Lunds Universitets Gymnastik och Idrottsförening Rugby football club
- Nickname: The Lions / Lionesses
- Founded: 1972
- Location: Lund, Sweden
- Ground: Centrala Idrottsplatsen (Capacity: 1000)
- Chairman: Hans Hallstadius
- Coach: (Men) Sean Rollings / Chris Howell (Women) Ross Watson / Ali Day
- League: Allsvenskan (rugby)
| Team kit |

= Lugi Rugbyklubb =

Swedish rugby union club

Lugi Rugby football club is a rugby union club in Lund, Sweden. The club was founded in 1972 by John Nash, Perry Hadley, Giuseppe Garza and Calle Erlandsson as the rugby section of the Lunds Universitets Gymnastik och Idrottsförening (Lund University Gymnastics and Sports Club).. LUGI Lions play their home games at Centrala idrottsplatsen, where they also have their club house.

The club is known to be a very social and open rugby club, with members from all over the world active in the club.

During the late 1980s and early 1990s LUGI's u18s were among the best teams in Sweden, winning 3 Swedish championships. The seniors had their best placements in the early 1980s, placing third 1982 and second in 1984.

LUGI currently have active teams for both ladies and men in ages from u8-senior.
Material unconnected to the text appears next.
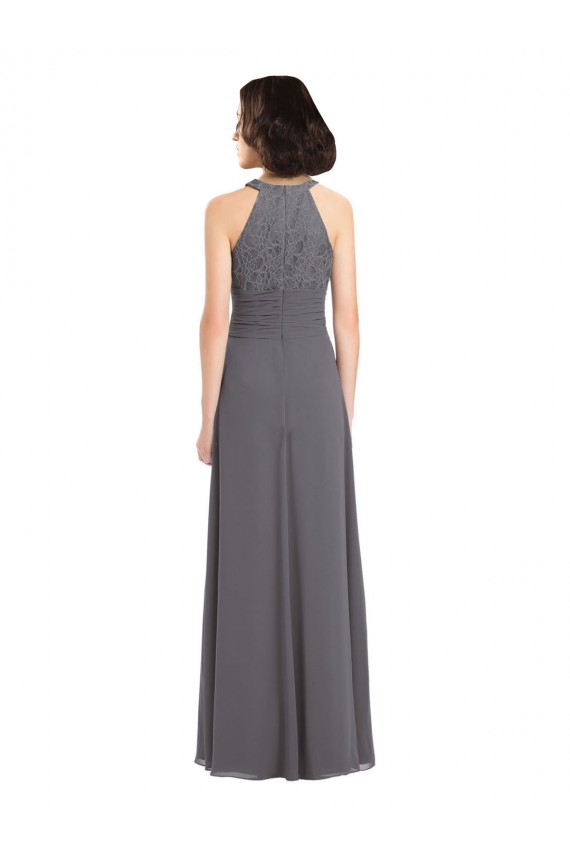 Stormy Silver A-Linien Neckholder Chiffon Spitze Lange Brautjungfernkleider Online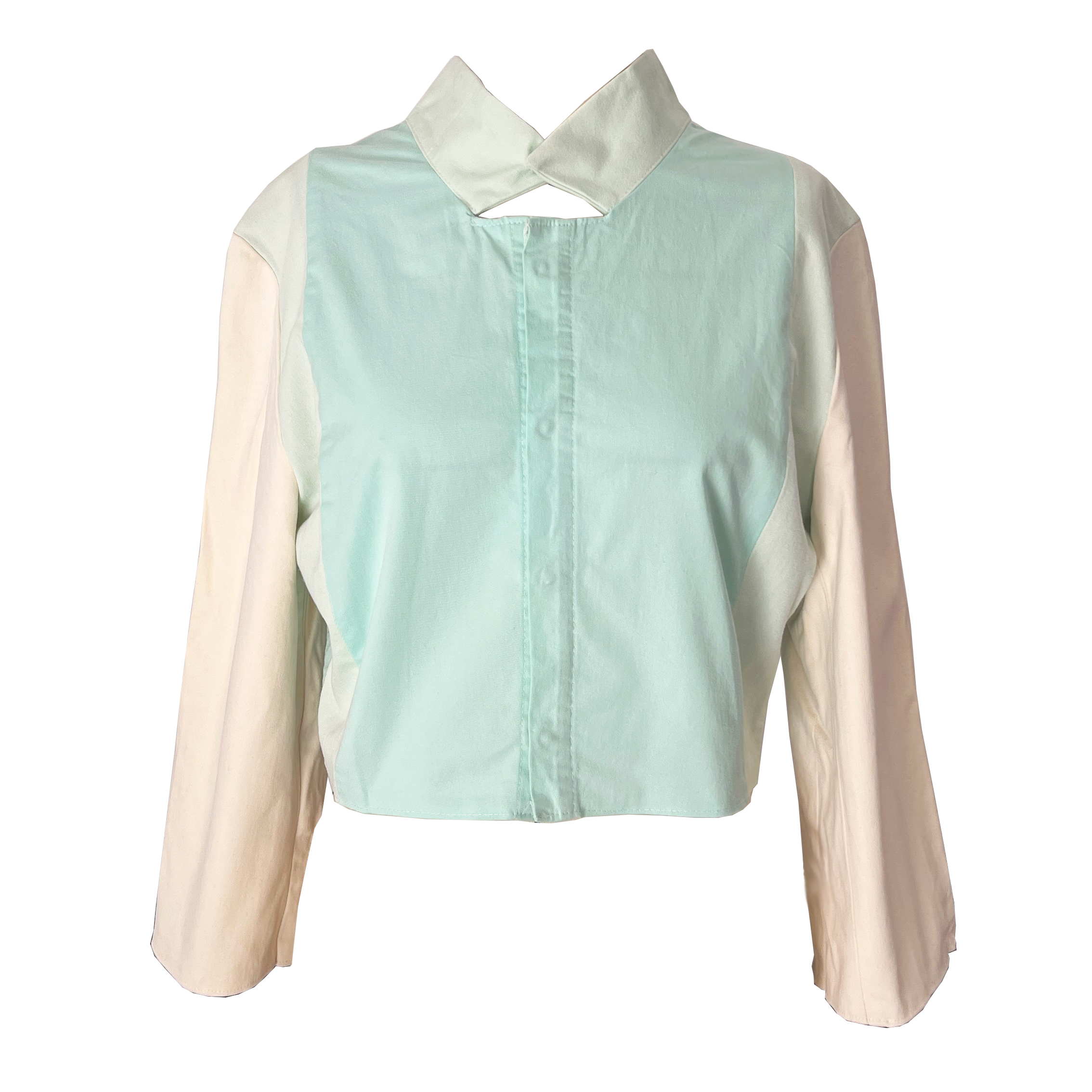Veste couleur pastel en vert et blanc avec un col original en upcycling, patron à coudre facile de Specimen Studi0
They also have an old boys team.

== Men's ==
LUGI's men's team is currently playing in Allsvenskan (Sweden's highest division).

The team usually goes up and down between the two highest leagues.

LUGI currently have both a ladies' and men's team as well as kids and youths in all ages from u8-u18.

== Ladies ==
LUGI's ladies team, called the Lionesses, was created in 2003. They have since then been a well established team with several players being capped for Sweden in both 7s and 15s.
2025 season saw the ladies become national 7's champions, whilst progressing through the league phase in the 15s championship, they lost in the play-offs.